第七怪 奇怪なきのこ

これはとある知人から聞いた奇怪な話。


三浦エリカ(24歳)は同僚の2人と一緒に、
「とびとび山」に山登りをしていた。

今まさに丸の内OLの間では空前の登山ブームが到来していたからだ。

エリカは丸の内OLとは程遠い、冴えない新潟のOLではあったが、毎月購読している女性情報誌「丸の内ピュア」に
「丸の内OLの間で空前の登山ブーム」の記事を読み同僚を誘いブームに乗っかったのである。

「とびとび山」は登山初心者向けの標高の低い山です。

ほんの1時間程度でエリカ達は頂上に到着した。

到着したエリカ達は各々で用意したお弁当を食べようとシートを広げた。

ふと目線を下にやるとそこにはなんとも奇怪なきのこが生えていた。
周りを見渡すとその奇怪なきのこは辺り一面にも所せましと生えていた!


その光景もまたなんとも奇怪だった。

これは確か、、、

リュックに入れてあった「丸の内ピュア」を開いて見る。

そこには奇怪なきのこの写真が載っておりその記事には、
「舐めると運気UP!!おかげで結婚できました!」などといううさん臭い記事が書かれていた。

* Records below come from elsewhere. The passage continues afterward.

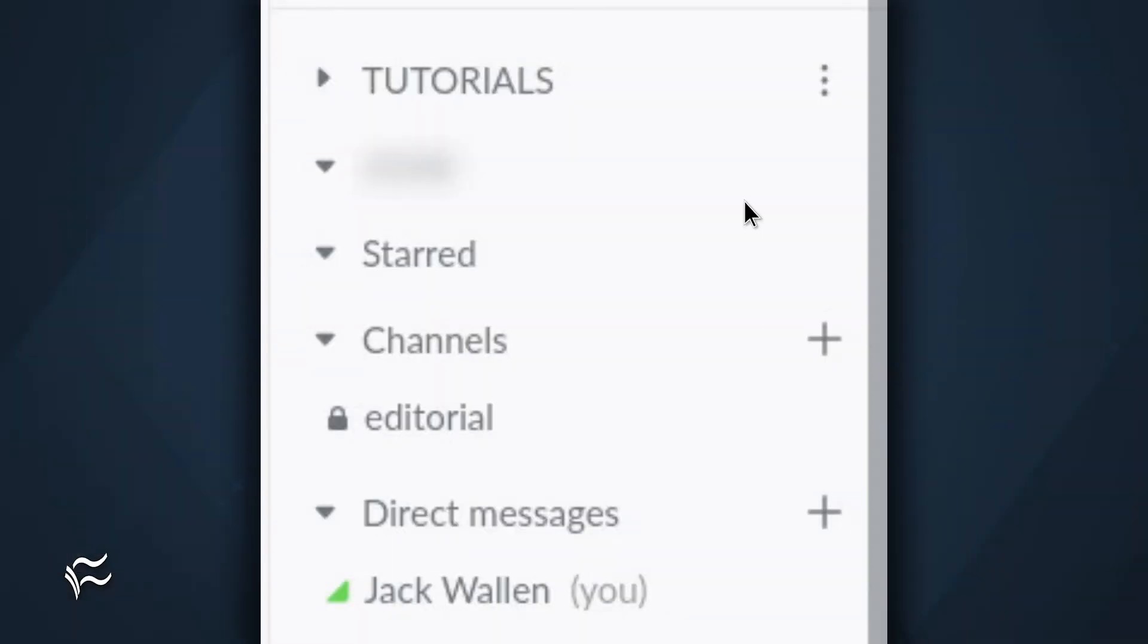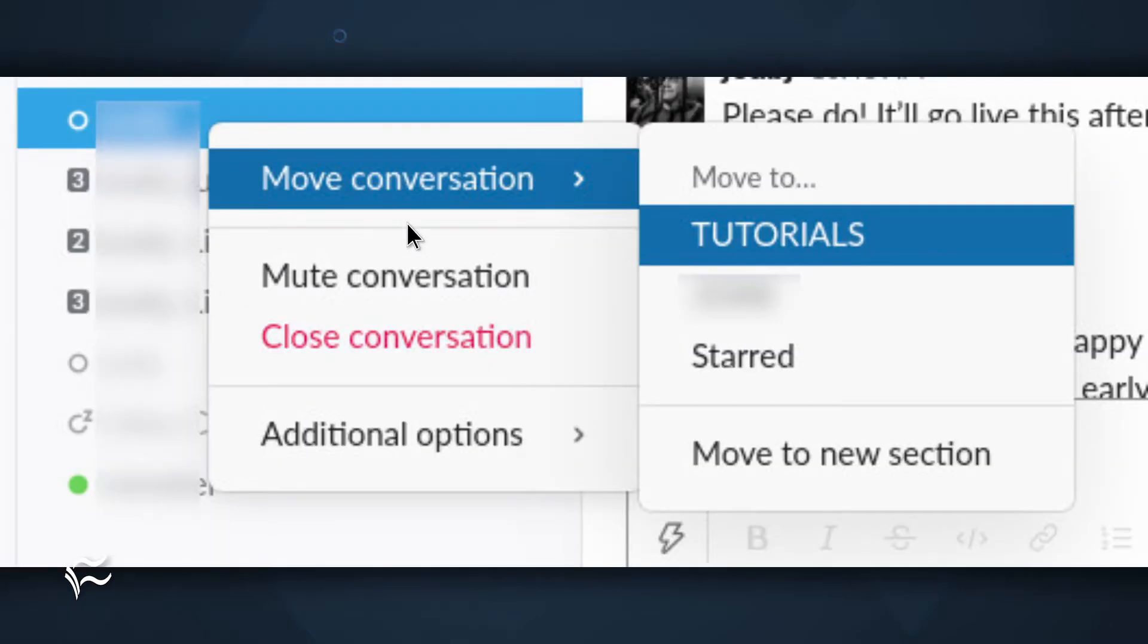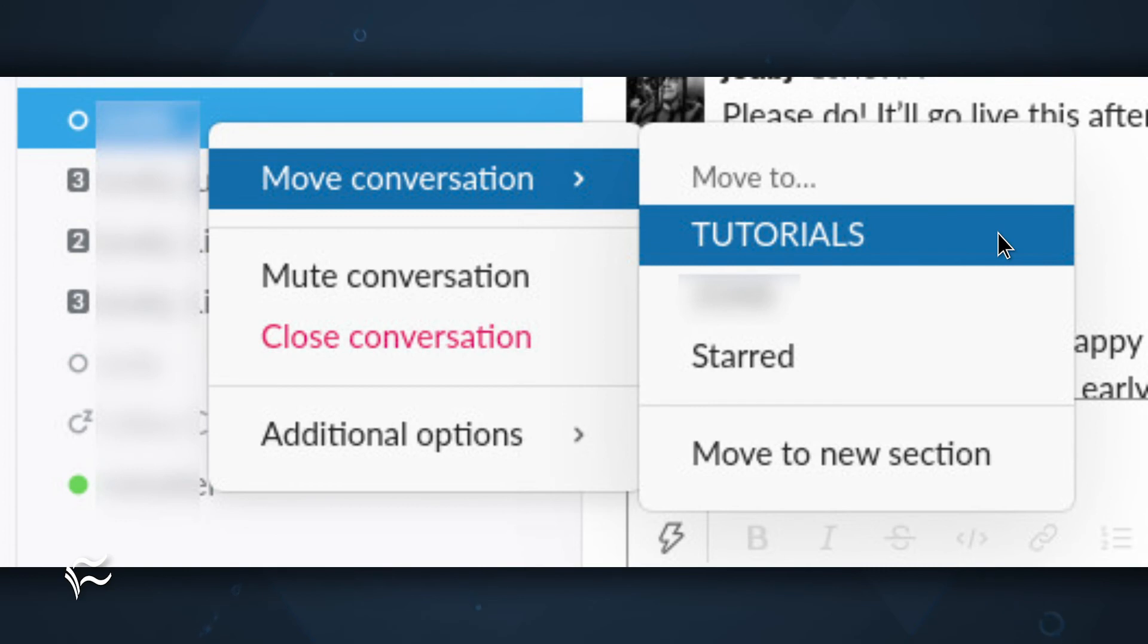To add a DM thread, locate the thread in question. Right-click it. Select Move Conversation Name, where Name is the name of the new sidebar section. Continue doing that until you have everything related to that project housed in the new section.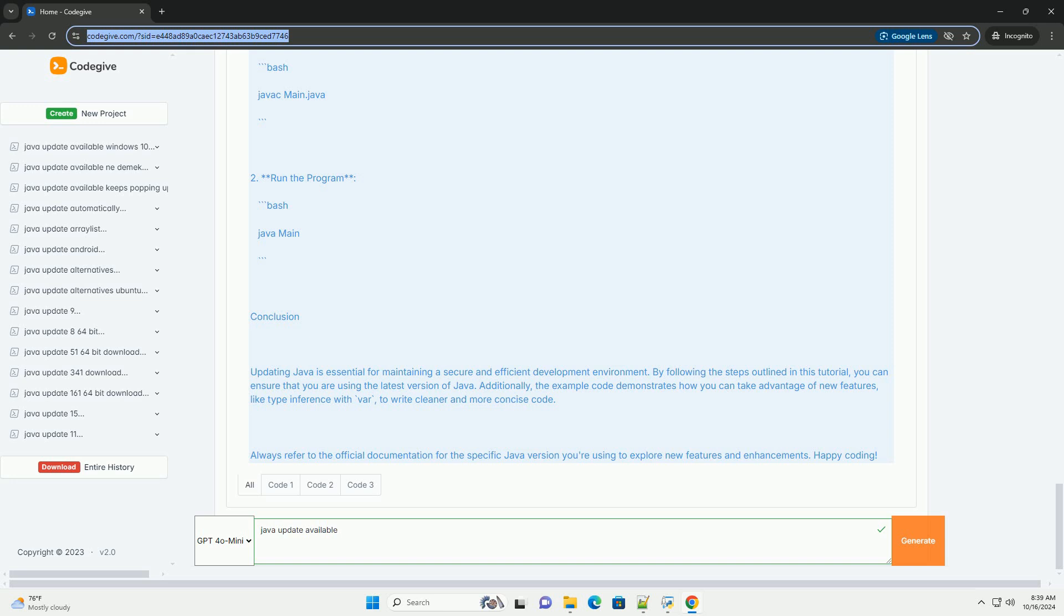Step 4: Set JAVA_HOME environment variable (optional). Setting the JAVA_HOME variable helps other applications find your Java installation. For Windows: Right-click on This PC or My Computer and select Properties. Click on Advanced System Settings. Click on the Environment Variables button. Under System Variables, click New and add.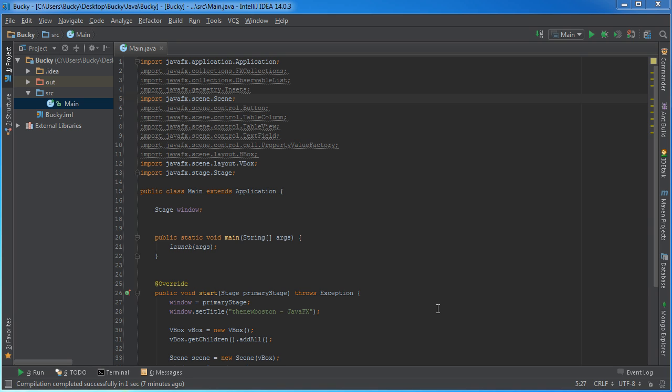Welcome back. In this video I'm going to show you how to make a table using JavaFX. When I say table, think of it like a spreadsheet where you have your data arranged in rows and columns.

しかし、結婚という言葉に弱い冴えない独身OLの3人にとってはワラにもすがるそんな気持ちで、少しだけと、そのキノコを舐め回した。

ペロリペロリッ!

運気を逃すまいとしゃぶりつく3人。

すると奇怪な事にしゃぶられた、キノコはみるみるうちに大きくなっていった。
3人は驚いた。

それでも舐め続けると
キノコから白い液体が

ビュッ! ビュッ! ビュッ!!!

その液体はエリカの顔面にかかった!

「キャー!!」

エリカは思わず悲鳴を上げた。

他の二人の顔面にも白い液体は勢いよく発射された。

なんとも奇怪に思った2人はすぐに顔をタオルで顔を拭き気持ちが悪いとその奇怪なキノコから離れて行った。
キノコが生えていないところでお昼を食べようと言った。

しかしエリカは逆だった。
大きくなったり白い液体を発射したり、その奇怪なキノコに神秘のようなモノを感じていた。

二人の目を盗み、待っていたサバイバルナイフでそのキノコを切って持ち帰ることにした。

スパッ、、、、、、、

なんのためらいもなくエリカはそのキノコを切り取った。

すると「ギャーーーーーーーーーーー!!!!!!!」

すぐそばの地面の中から男の叫び声がした。
先を歩いていた同僚の二人もこちらを振り返った。

切ったキノコの側面からは血のような赤いものがでて止まらない。

地面から男が飛び起きてきた。!

股間を押さえたまま、土まみれの男が転がって叫んでいる。

この奇怪なキノコは男のアソコだったようだ。
エリカはゾッとした。

とすると他のキノコも?

周りを見渡すと、そのどのキノコの下もモゾモゾ動いていた。
男の悲鳴を聞いて他のキノコの持ち主である男達は恐怖を感じ土の中からでてきたのである。

自分も切られたらたまったものではない。

土から出たばかりの男達は一斉に山を下りて行った。